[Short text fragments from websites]
--------------------------------------------------

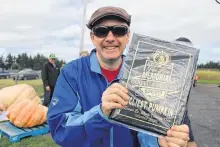  ?? NICOLE SULLIVAN • CAPE BRETON POST ?? Peter Eyking proudly shows the plaque he won for ugliest pumpkin, for his entry that was in memory of his mother Jeanne Eyking.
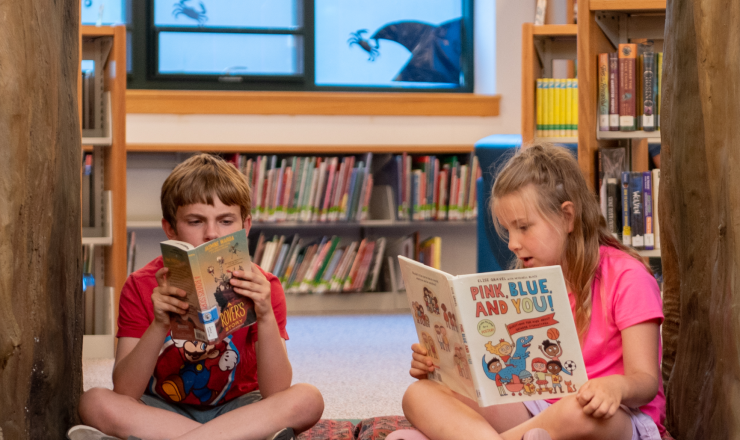 Boy and girl sitting in the children's area reading books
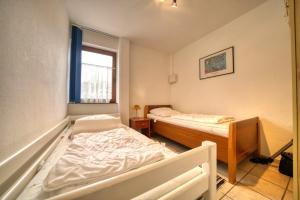 1 Schlafzimmer mit 2 Betten und einem Fenster in der Unterkunft Haus am See, App 3HAS06 in Heiligenhafen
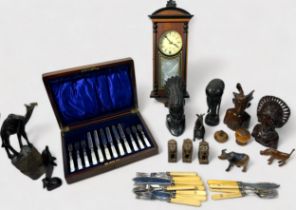 A collection of assorted ethnic carved figures and animals, together with a cased set of silver-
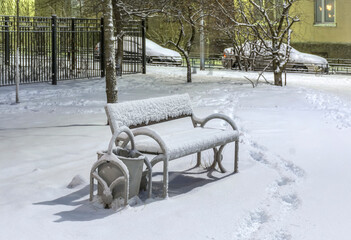 City streets and park after heavy snowfall at night.
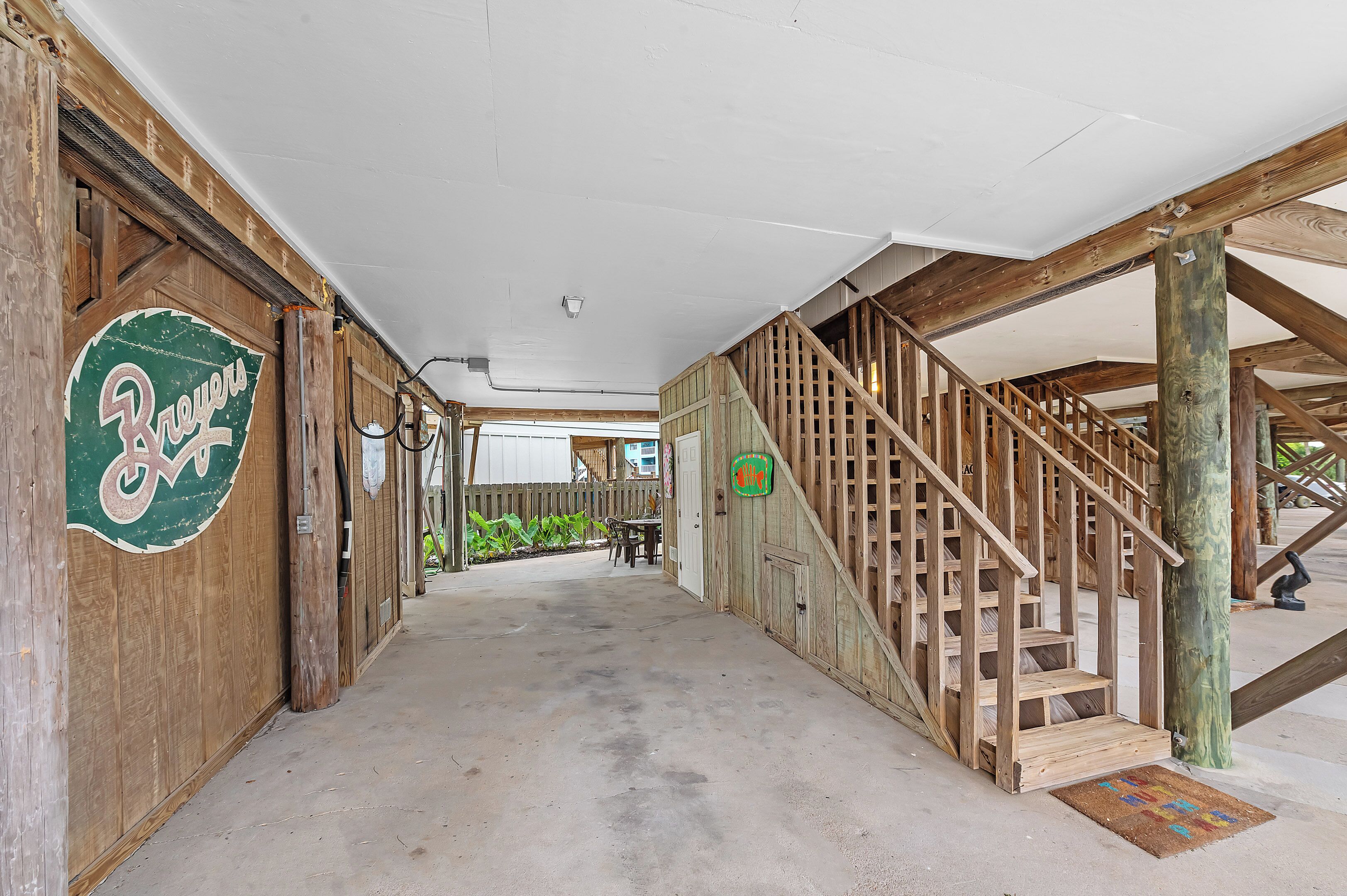 A wooden interior with a staircase, a door labeled "Brewers," and a concrete floor.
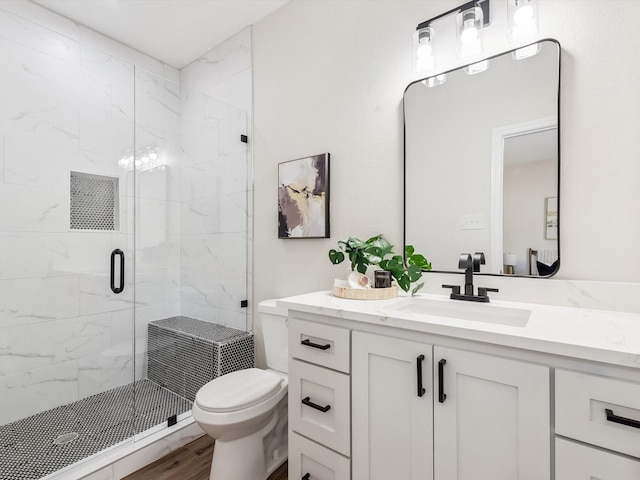 8008 W Elizabeth Ln, Fort Worth, TX 76116 - full bathroom with wood finished floors, vanity, toilet, and a marble finish shower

--------------------------------------------------

From the first line to the last, return the records exactly and leave the pictures behind.

◆ Task output:
  ?? NICOLE SULLIVAN • CAPE BRETON POST ?? Peter Eyking proudly shows the plaque he won for ugliest pumpkin, for his entry that was in memory of his mother Jeanne Eyking.
 Boy and girl sitting in the children's area reading books
 1 Schlafzimmer mit 2 Betten und einem Fenster in der Unterkunft Haus am See, App 3HAS06 in Heiligenhafen
 A collection of assorted ethnic carved figures and animals, together with a cased set of silver-
 City streets and park after heavy snowfall at night.
 A wooden interior with a staircase, a door labeled "Brewers," and a concrete floor.
 8008 W Elizabeth Ln, Fort Worth, TX 76116 - full bathroom with wood finished floors, vanity, toilet, and a marble finish shower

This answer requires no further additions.